In an embodiment of the present invention, when performing the feature fusion on the first low-dimensional feature, the first middle-dimensional feature and the first high-dimensional feature to obtain a fused feature map, the location parameter determining module 302 is configured to perform the following operations:
sequentially processing the first high-dimensional feature map by using a third bottleeck module, a 1 × 1 convolution kernel and an up-sampling module, and performing feature fusion on the processed feature map and the first medium-dimensional feature map to obtain a second medium-dimensional feature map;
sequentially processing the second middle-dimensional feature map by using a fourth bottleeck module, a 1 × 1 convolution kernel and an up-sampling module, and performing feature fusion on the processed feature map and the first low-dimensional feature map to obtain a second low-dimensional feature map;
processing the second low-dimensional feature map in sequence by using a fifth bottleeck module and a convolution kernel of 3 × 3, and performing feature fusion on the feature map obtained after processing and the feature map obtained after processing the second medium-dimensional feature map by using a convolution kernel of 1 × 1 to obtain a third medium-dimensional feature map;
processing the third medium-dimensional feature map in sequence by using a sixth bottleeck module and a convolution kernel of 3 × 3, and performing feature fusion on the feature map obtained after processing and the feature map obtained after processing the first high-dimensional feature map in sequence by using the third bottleeck module and a convolution kernel of 1 × 1 to obtain a second high-dimensional feature map;
wherein the second low-dimensional feature map, the third middle-dimensional feature map, and the second high-dimensional feature map are the fused feature map.

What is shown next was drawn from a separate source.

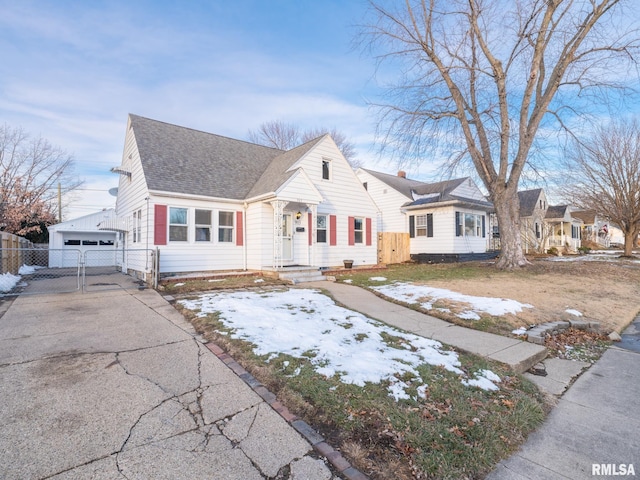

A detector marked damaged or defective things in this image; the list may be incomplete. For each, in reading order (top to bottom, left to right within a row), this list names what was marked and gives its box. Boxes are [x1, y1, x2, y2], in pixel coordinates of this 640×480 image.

cracked sidewalk [0, 282, 340, 480]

In an embodiment of the present invention, the location parameter determining module 302 is configured to perform the following operations:
processing the second low-dimensional feature map by using the fifth bottleeck module and a convolution kernel of 1 x 1 to obtain a first output feature map;
processing the third medium-dimensional feature map by using the sixth bottleeck module and a convolution kernel of 1 x 1 to obtain a second output feature map;
processing the second high-dimensional feature map by using a seventh bottleeck module and a convolution kernel of 1 x 1 to obtain a third output feature map;
and determining the position parameters of the human body in the image to be recognized according to the first output characteristic diagram, the second output characteristic diagram and the third output characteristic diagram.

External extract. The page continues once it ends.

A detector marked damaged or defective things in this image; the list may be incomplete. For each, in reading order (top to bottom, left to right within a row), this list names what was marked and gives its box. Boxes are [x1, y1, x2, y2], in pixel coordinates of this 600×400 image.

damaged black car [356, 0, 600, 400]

In an embodiment of the present invention, the recognition result determining module 304 is configured to perform the following operations:
inputting the key point information into a classifier, wherein the structure of the classifier at least comprises a double-channel pooling mode, a first full-connection network, a nonlinear activation function, a second full-connection network and a normalization function, the number of input neurons of the first full-connection network is an input dimension, the number of output neurons of the first full-connection network is a parameter value obtained by training, the number of input neurons of the second full-connection network is a dimension output by an upper network, and the number of output neurons of the second full-connection network is a preset number of each posture category;
through two-channel pooling in the classifier, two preset pooling modes are adopted to respectively carry out dimensionality reduction processing on the key point information, the characteristics subjected to dimensionality reduction in the two preset pooling modes are spliced, the spliced characteristics are subjected to characteristic extraction sequentially through a first full-connection network, a nonlinear activation function and a second full-connection network, posture scores of the human body in the image to be recognized, which respectively correspond to the preset posture categories, are obtained, the posture scores are normalized to a preset value range through a normalization function, and the posture recognition result of the image to be recognized is output according to the normalized posture scores.

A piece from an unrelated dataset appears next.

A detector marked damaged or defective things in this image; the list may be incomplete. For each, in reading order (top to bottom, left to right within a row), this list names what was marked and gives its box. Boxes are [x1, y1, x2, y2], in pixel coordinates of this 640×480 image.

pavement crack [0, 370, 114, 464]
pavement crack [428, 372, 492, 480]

In one embodiment of the present invention, the key point information includes position information of at least two key points in the human body;
the recognition result determining module 304 is configured to perform the following operations:
determining the relative position relationship between the at least two key points according to the position information of the at least two key points;
and determining the result of human body posture recognition in the image to be recognized according to the relative position relationship between the at least two key points.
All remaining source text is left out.